*** Block opens ***

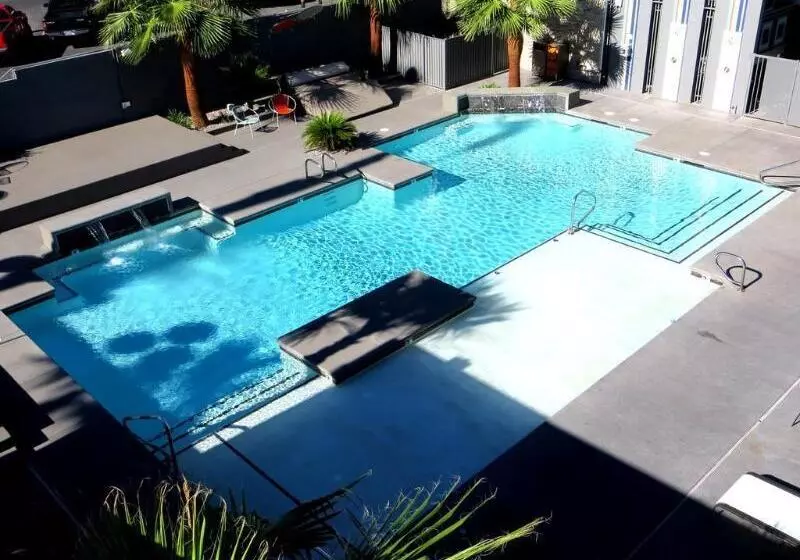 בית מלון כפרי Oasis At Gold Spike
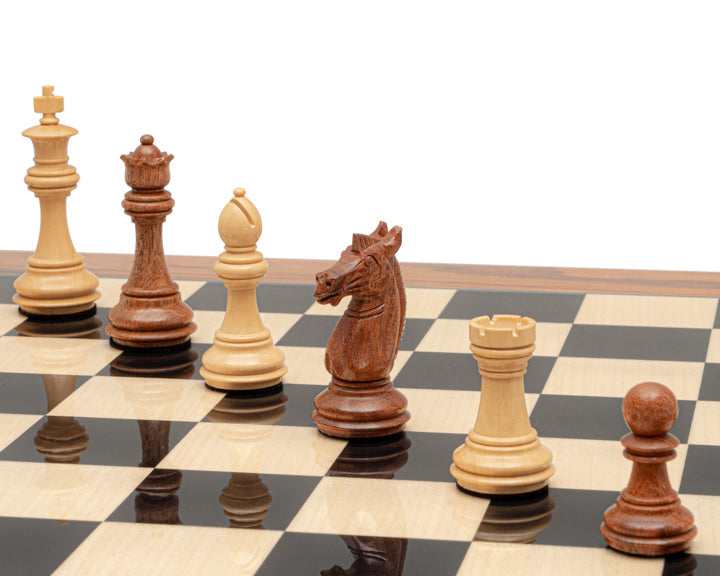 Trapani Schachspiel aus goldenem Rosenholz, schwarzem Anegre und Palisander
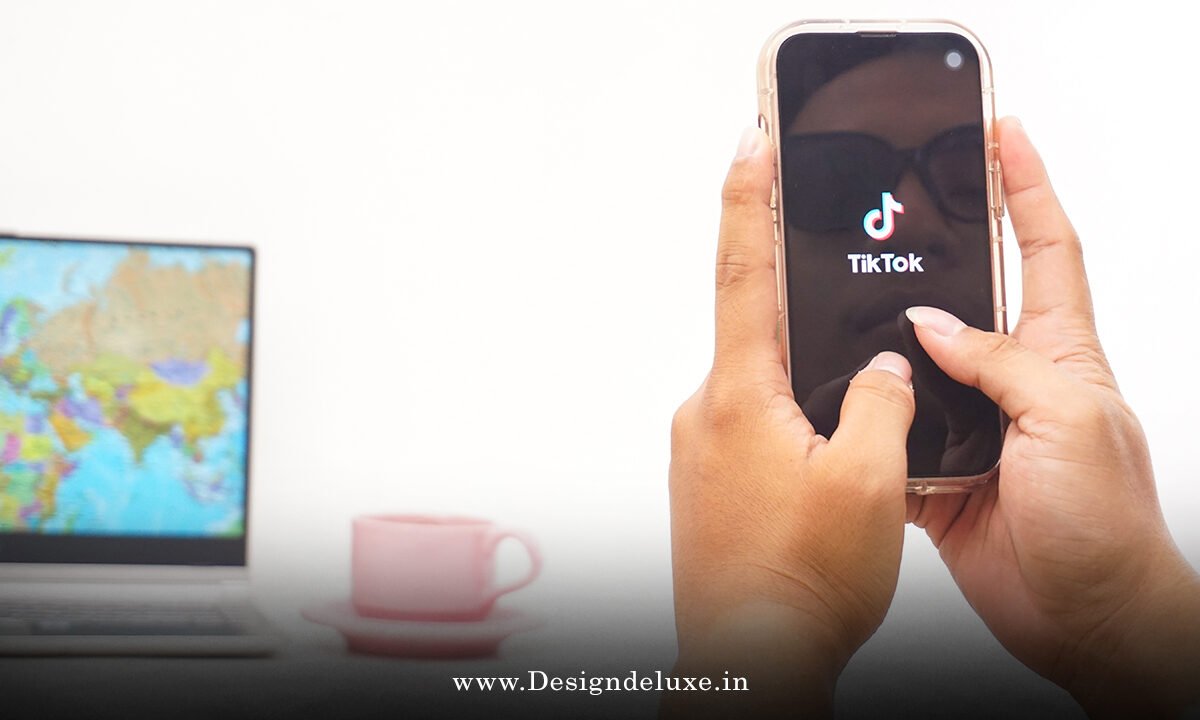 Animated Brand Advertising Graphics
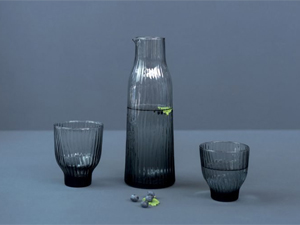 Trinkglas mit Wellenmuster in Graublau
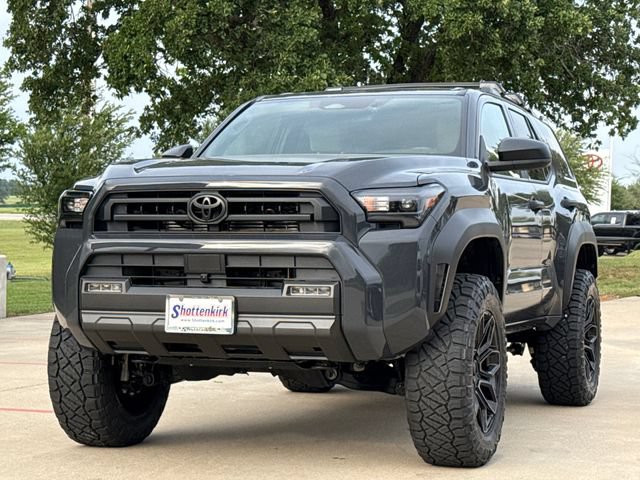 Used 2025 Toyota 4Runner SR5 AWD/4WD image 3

*** Block closes ***

• To do: Reproduce exactly, and only, the lines from the one with "Trinkglas mit Wellenmuster in Graublau" to the final line of the listing above; the pictures are to be left out.

• Exercise solution:
 Trinkglas mit Wellenmuster in Graublau
 Used 2025 Toyota 4Runner SR5 AWD/4WD image 3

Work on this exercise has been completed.